Ruralistas na cabeça

 

Este ano não poderia ser melhor para a bancada ruralista do Congresso Nacional e para o setor do agronegócio. Não bastassem as alterações no Código Florestal, o meio ambiente sofreu mais um golpe duro, tendo novamente como protagonista o governo Dilma Rousseff. A portaria que estipula regras para as terras indígenas, colocando em risco as demarcações em todo o País, é mais do que absurda. Representa anos de luta para fazer valer os direitos constitucionais dos índios jogados na lata de lixo, movido por interesses econômicos e políticos. Cheira à encomenda.
 
As investidas contra o território indígena, todos sabem, é coisa antiga. As comunidades tradicionais representam um entrave à expansão do agronegócio no País, o que sempre deixou os ruralistas em pólvora e decididos a limar de vez esse incômodo obstáculo. No ano passado, a questão ganhou novo fôlego após ter sido ressuscitada a PEC 215, depois de 11 anos. Objetivo era tornar as terras indígenas da alçada do Congresso. Os parlamentares teriam o poder de decidir sobre esses territórios. Mas a matéria nem teve sua tramitação concluída e o governo federal já tratou de fazer as honras da casa.
 
A portaria 303, da Advocacia Geral da União (AGU), atende perfeitamente aos anseios ruralistas, ao piorar a já caótica situação de reconhecimento e demarcação de terras indígenas no País, que caminha a passos de tartaruga e regada a muitos conflitos agrários.
 
Ao determinar que sejam revistos os procedimentos de demarcação em curso e até mesmo os já finalizados, o governo federal deixa sem qualquer segurança jurídica os povos indígenas do País. Como se isso fosse pouco, permite ainda que o poder público intervenha sobre intervenções nas terras indígenas, sem consulta prévia – nem aos índios, nem à Fundação Nacional do Índio (Funai). Desde que essas obras sejam consideradas “estratégicas” pelo Ministério da Defesa e o Conselho de Defesa Nacional. Ou seja, tome hidrelétricas e estradas!
 
Para se dobrar ao pleito dos grandes empresários, o governo federal se valeu de uma decisão do Supremo Tribunal Federal (STF), de três anos atrás, sobre a Raposa Serra do Sol, em Roraima.

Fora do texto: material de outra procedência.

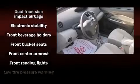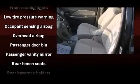Electronic stability control stands out as a technologically savvy innovation, keeping you better connected to the road. It also arrives with a Carfax history report indicating just one previous owner.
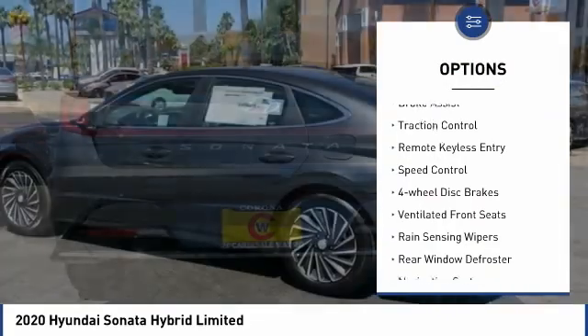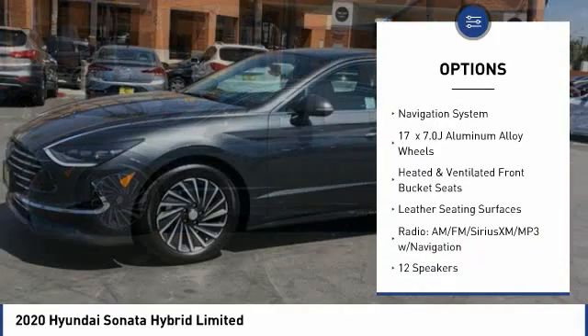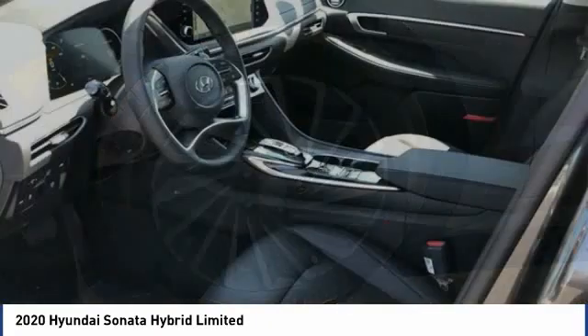Electronic stability control, brake assist, traction control, remote keyless entry, speed control, four-wheel disc brakes, ventilated front seats, rain sensing wipers, rear window defroster, navigation system.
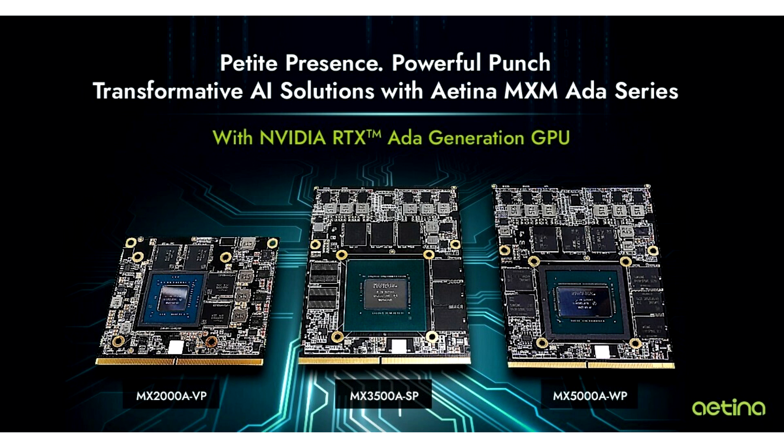Additionally, Aetina offers a variety of MXM product options with different performance levels, including MX3500ASP with NVIDIA RTX 3500 Ada GPU and MX2000AVP with NVIDIA RTX 2000 Ada GPU, to meet the requirements of various AI application scenarios.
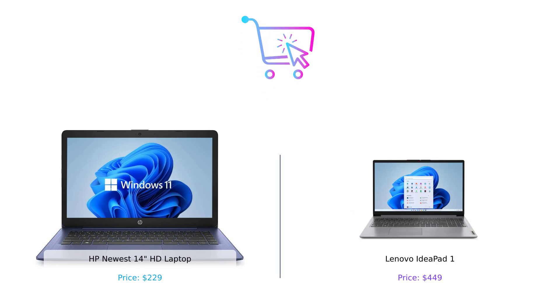So there you have it, folks. The HP Newbie is a budget-friendly option for casual users, while the Lenovo legend is a powerhouse for those who need more performance and are willing to pay for it. Which one will you choose? Let us know in the comments below. Don't forget to like, subscribe, and hit that bell icon so you don't miss any of our smart shopping tips. Product links are in the description. Until next time, stay smart, stay savvy, and happy shopping.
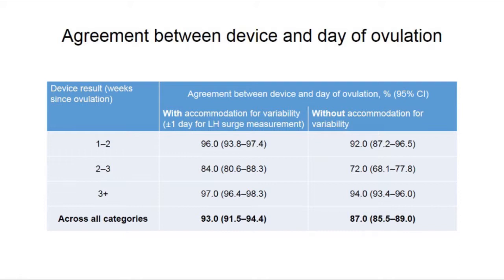The first column shows where measurement variability for the LH surge has been accommodated, and the second column shows where the accommodation for variability has not been applied.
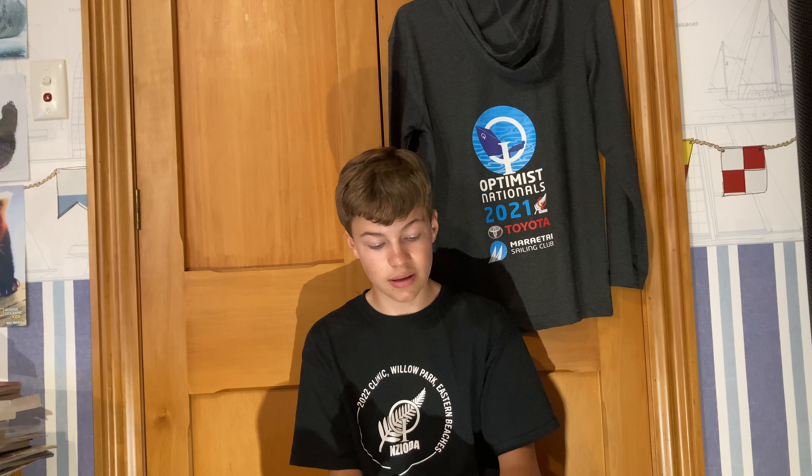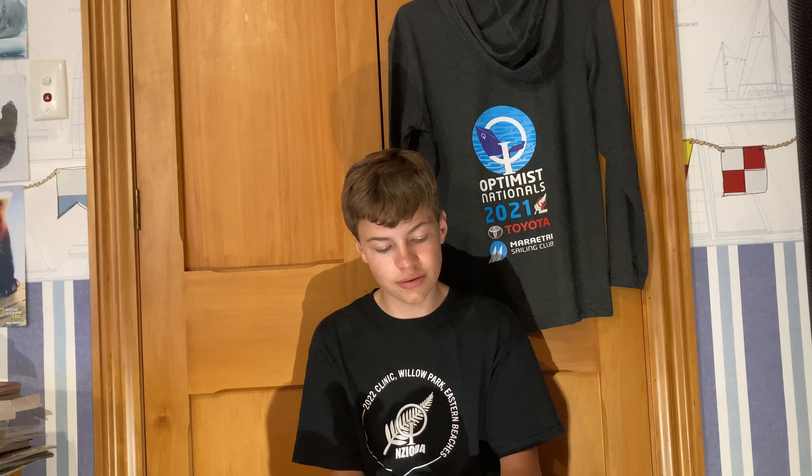So why did Windows Vista get the criticism that it did? In 2007, most computers could not handle Windows Vista very well, and on the computers that did handle it well, there were driver issues and multiple bugs. Microsoft released two service packs, but the reputation had already been damaged.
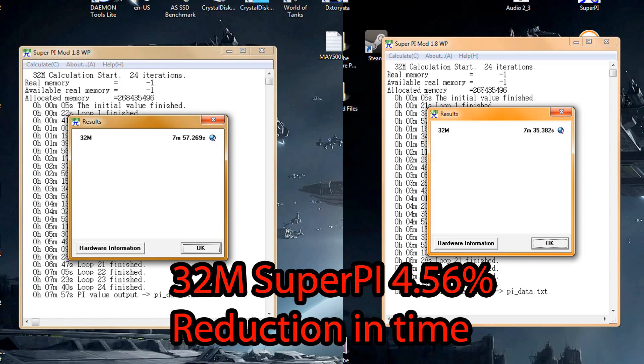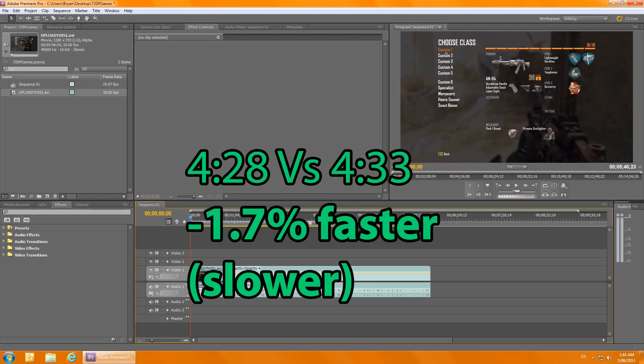Moving on to Super PI at 32 meg, this showed a 4.56 percent increase, or reduction in time. So in synthetic benchmarks it's looking like a good five percent increase consistently, which seems to be the internal clock-for-clock performance improvement. Pretty decent, not too bad.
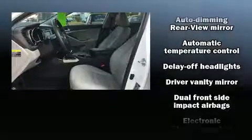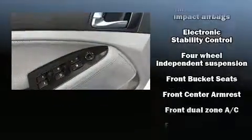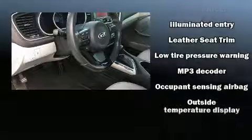Kia ensures the safety and security of its passengers with equipment such as dual front impact airbags, front side impact airbags, traction control, brake assist, ignition disabling, and four-wheel disc brakes with ABS. This car was designed with safety in mind, allowing you to drive with even greater assurance.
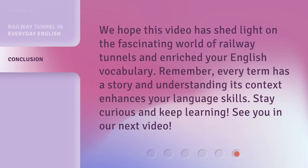We hope this video has shed light on the fascinating world of Railway Tunnels and enriched your English vocabulary. Remember, every term has a story, and understanding its context enhances your language skills. Stay curious and keep learning. See you in our next video.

Que, diga-se de passagem, ainda não transitou em julgado e nem tem efeito vinculante.
 
A história é tão descabida que o próprio STF já havia negado o pleito da bancada ruralista nesse sentido. O governo federal, pelo contrário -desculpem-me o linguajar -, “abriu as pernas”. Para isso, bastaram algumas reuniões a portas fechadas e acordos no estilo uma “mão lava a outra”.
 
Os encaminhamentos dados à questão ambiental no País não deixam qualquer dúvida de quem dá as cartas no governo Dilma.
 
Muito estrago ainda há de surgir.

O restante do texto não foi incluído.